3.5
It's been a while since I finished a book and wrote a proper review. I haven't been able to read much this year, lost between the demands of life and temptations of binge watching. My reading list has been haphazard, littered with many DNFs and books that I took too long to read. I intend to rectify this grave error and pacify the Gods of Goodreads who keep throwing disapproving glances every time I open the app (which works so well on iPhone but is an absolute disaster on Android - snobs!).
I came across Cinema Love while browsing the Pride Month collection at the local library (thank you MoCo librarians!), and the blurb drew me in with its promise of an intriguing queer story set in rural China. I do not expect much from diaspora fiction usually, as they revolve around time-worn themes and usually succumb to inauthentic tropes while portraying the homeland. Cinema Love was a true surprise in this sense because the portions set in China do not ring false at all, and they are grounded in an emotional authenticity that is lacking in the American chapters. The writer sets the story in China without stuffing it with too many details, and that brave choice has really paid off in the utterly convincing Chinese chapters depicting the alienation of queer men (the story doesn't feature any queer women).
Old Second and Shun-Er, lovers in an industrial town and surprised by the fact of their love that transpired thanks to an old movie theater, hang on to each other to survive a relentlessly cruel world that labels them sissies, a hopelessly bleak world where they can never express their true selves. Shun-Er is married, and complications arise in the form of his wife, Yan Hua, who is hurt by the rejection from her otherwise caring husband. Interestingly, Cinema Love is as much about the turmoil, indignation, and silent fury of the wives of gay men as much as it is about the loneliness, heartbreak, and desolation of those very men. Silent furies bubble up to swallow the movie theater, robbing the gay men of their only haven and claiming some lives in the process.

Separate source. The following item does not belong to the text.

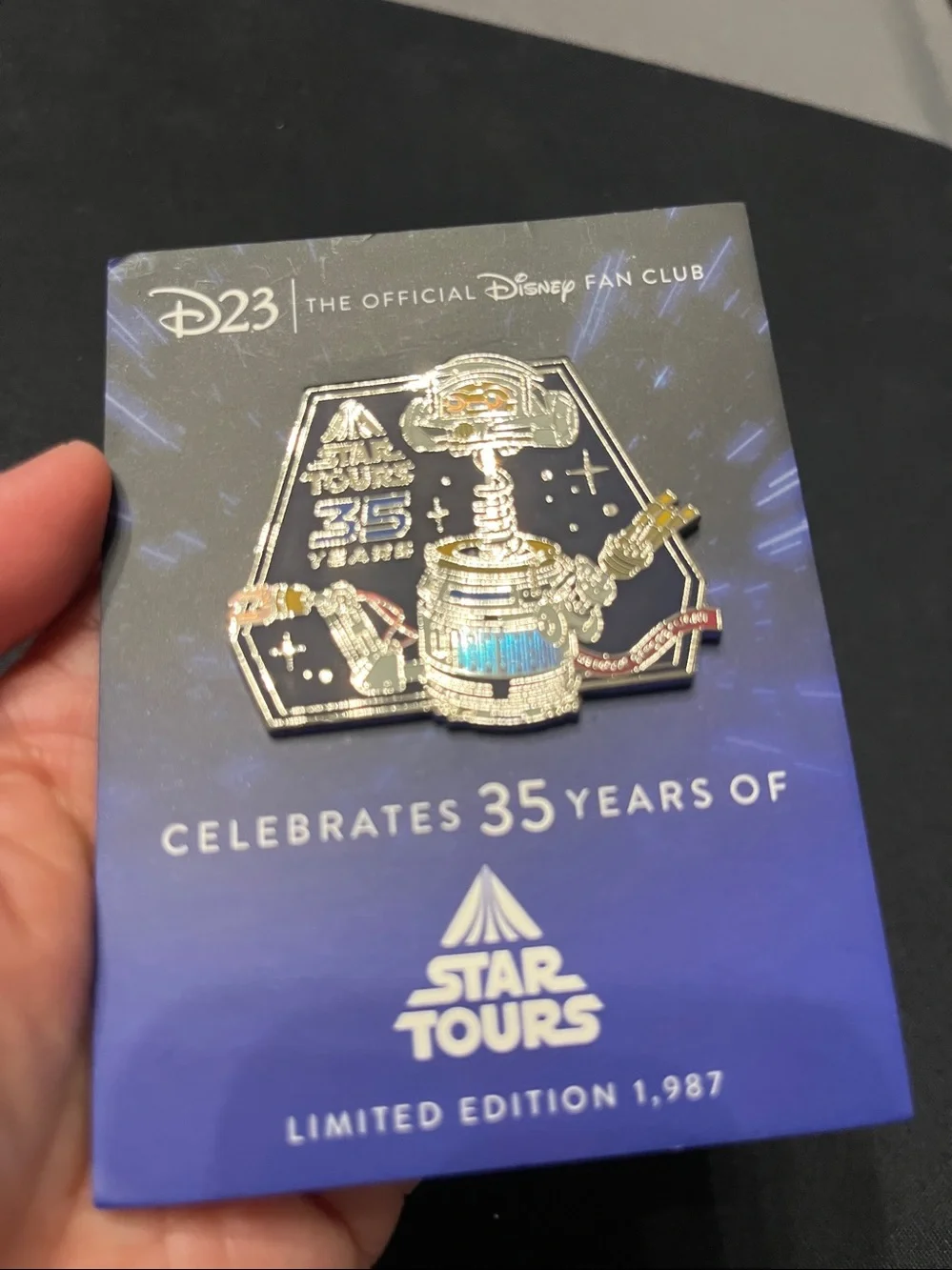 Disney D23 35 years of Star Tours Limited Ed. 1987 Star Wars pin, NWT. (SW-19)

The protagonists somehow conveniently all end up in New York, where they struggle as blue collar immigrants, counting pennies and drowning in homesickness. While the author's love for Chinatown is very evident in these chapters, the Chinatown portion should have been a different novel altogether. While the Chinese portions brim with anticipation and offer unexpected delights, the Chinatown portions are overlong and drenched in forced melancholy. It was not very convincing that some of the characters who were barely scraping together an existence in rural china were able to make their way across to ... New York ... on a boat (??!??) halfway across the world. The migration on the boat is not exactly described and it is unclear whether they traveled to a different country to take a boat or whether they took the boat in China.
The hard labour forced upon the immigrants and their sheer poverty is transported to the reader effectively by descriptions of their quotidian lives and quiet fortitude. The protagonists (whose lives are in conflict) move around in the same city, but of course, the story must pass through decades (as literary novels love to) before they get to meet and resolve/escalate their central conflicts. Somehow the novel finds itself gravitating towards the pandemic era (why does anyone think it's a good idea to write about the pandemic btw? But at least here it's justified probably by depicting the anti-asian hatred) and eventually ends in a noncommittal, emotionally vague and vaguely climactic moment that appears to be the beginning of better times.
I loved the way the new arcs of the story unspooled from existing arcs, shooting out a new character or a nasty secret or an emotional tension that was buried there all along. Many of the conflicts of the novel were carved out of juicy, emotionally complex foundations where all parties have completely convincing motivations behind their actions, and it is very satisfying to read. The punishment doled out to Old Second by his parents for hugging a boy as a child is haunting, and it is one of the most powerful images that endure after my reading of the novel. I also loved that all the protagonists were realistically described as ugly at one point or the other, refusing courageously to take the easy route by making them pretty. Working class queer love is a rare intersection in literature, and it is further heightened by an immigrant angle here.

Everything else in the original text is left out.